Animal activists want things done for the homeless and sick animals, but they are perpetually short of funds to pay for the care of the increasing number of animals needing help. Many don't know how to be proactive to raise funds. They try not to use their personal savings as after all, the animals are "strays".  

It will be in the interest of the homeless animals that passionate animal activists can find a way to communicate, to work closely with the service providers of different personalities as patiently as possible. 

In being able to work with service providers and volunteers in an amicable manner, the animal activist or "animal welfare volunteer" execute their ideals and make a difference. 

In addition to humility and patience, passionate animal activism requires perseverance and a deeper understanding of the points of views of the other parties that may undermine with their idealism. In this way, they may successfully achieve what they set out to do - give a voice to and help the animals in need of help.

There will be stresses in animal welfare work. I have no doubt about it. Stresses cause the greying of hairs and loss of personal savings and health as more animals are abandoned to the animal activists by members of the public.

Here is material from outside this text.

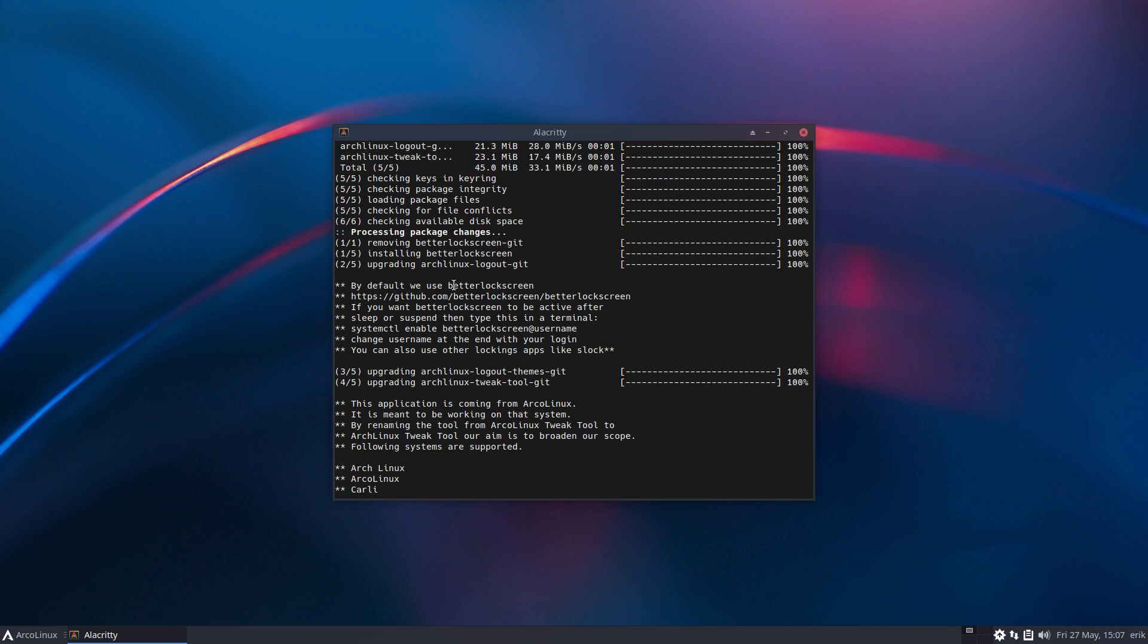By default we use better lock screen. That's the link, that's the developer. We're not the developer. If you want better lock screen to be active after sleep or suspend, that was the tip of the user, then type this in the terminal.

Yet donations and volunteers are in short supply.

Do what you can if you can't be proactive to mobilise volunteers via the internet or networking. Save a stray cat one at a time if that is what you can afford to do so. You don't have to bear the globe of animal cruelty on your shoulders if you don't have the personality, health and finances to do it.   If you can only afford to save one stray cat, then do save that one. It is just not possible to do more. 


Peaceful and picturesque NANAS. Dr Sing's visit. Toa Payoh Vets.
Dr Sing gets to know more about the work of NANAS (Noah's Ark And Natural Animal Sanctuary) in Johor through the high energy animal welfare volunteer, Ms Lynda Goh

If you want to save more animals, organise yourself to do the job without expecting handouts from the service providers. Create a "business plan", do research as there may be "animal protection grants". Network to raise funds. At all times, communicate gently and regularly with the service providers, including  vets. Motivate them. Give them praises but be sincere. Just don't pester for free services, priority services and handouts from every veterinarian in Singapore. 

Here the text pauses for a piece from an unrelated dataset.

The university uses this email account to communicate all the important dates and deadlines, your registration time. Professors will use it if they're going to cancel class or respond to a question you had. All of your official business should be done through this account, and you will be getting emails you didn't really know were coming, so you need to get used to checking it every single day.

Reply to their e-mails or phone calls when volunteers "drop" out of volunteering at sales kiosks after some months or years of volunteerism.  These are your foot soldiers. Do not just ignore these volunteers who "drop" out after some months with you at sales kiosks, especially when they take the trouble to let you know. Since you are the one who has got the volunteer's services, be gracious enough to make a phone call and thank them. Send them a card of thanks.

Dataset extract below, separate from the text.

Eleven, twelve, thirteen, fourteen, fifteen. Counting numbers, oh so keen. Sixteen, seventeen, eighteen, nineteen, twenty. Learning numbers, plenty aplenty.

Sometimes, they drop out due to personal reasons and your phone call or card of appreciation for their services will endear you to them and at another time, they may come forth to volunteer again when you ask them. Unfortunately, you may be so busy and hectic in your animal activism work and you think you will have other volunteers. It is much easier to retain an experienced foot soldier who may need to stop for a while than to get a new one. 

Many charitable organisations have successfully raised funds and created awareness of their causes using the internet's free blogs and networking sites. Your website needs to be updated frequently. It will be daily hard work to update an audience and a group of supporters who are interested in your cause. There is no other less expensive way to update and raise funds for the cause you fervently believe in.

Belief, Passion, Drive & Perseverance
are what makes you successful in your animal activism cause. If you have only passion, it will be difficult to succeed. Change the world, but do it one case or one day at a time if you don't have sufficient drive or the perseverance to do it.